“Photo Essay: The U.S. Pivot and China Relations,” The Diplomat, 20 April 2012.
Last week, The Diplomat co-hosted with Harvard University a panel of leading analysts on U.S.-China relations. Following are some of the highlights from the discussion.
Speaking at the event were U.S. Congressman J. Randy Forbes, who is chairman of the House Armed Services Readiness subcommittee, regular Flashpoints writer Dr. James Holmes, his colleagues at the U.S. Naval War College Dr. Toshi Yoshihara and Dr. Andrew Erickson, Prof. Peter Dutton, who heads the China Maritime Studies Institute, and Dr. William Martel, a professor of international security at Tufts University.
With the United States winding down wars in Iraq and Afghanistan, President Barack Obama has indicated his administration’s intention to refocus the country’s diplomatic and military efforts on the Asia-Pacific. But what does this mean for the future of U.S.-China relations? And for U.S. foreign policy generally? How might China respond? The Diplomat presented a high-level panel of analysts and policymakers who offered answers to these and other key questions.

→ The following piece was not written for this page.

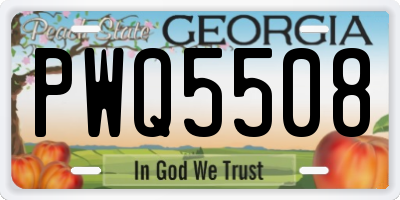 GA license plate PWQ5508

Andrew S. Erickson—“Not Pivoting but Persistence: U.S.-China Military Dynamics in the Near Seas”
The U.S. is not “returning” to the Asia-Pacific, it never left in the first place. China is already a world-class military power—but not in the ways that many have charged. The U.S. military has many options to prevent the People’s Liberation Army from paralyzing its forces, yet it will fail if it continues business as usual. Though Beijing and Washington have considerable shared interests and potential for cooperation, the most difficult period for them to achieve “competitive coexistence” may already have begun.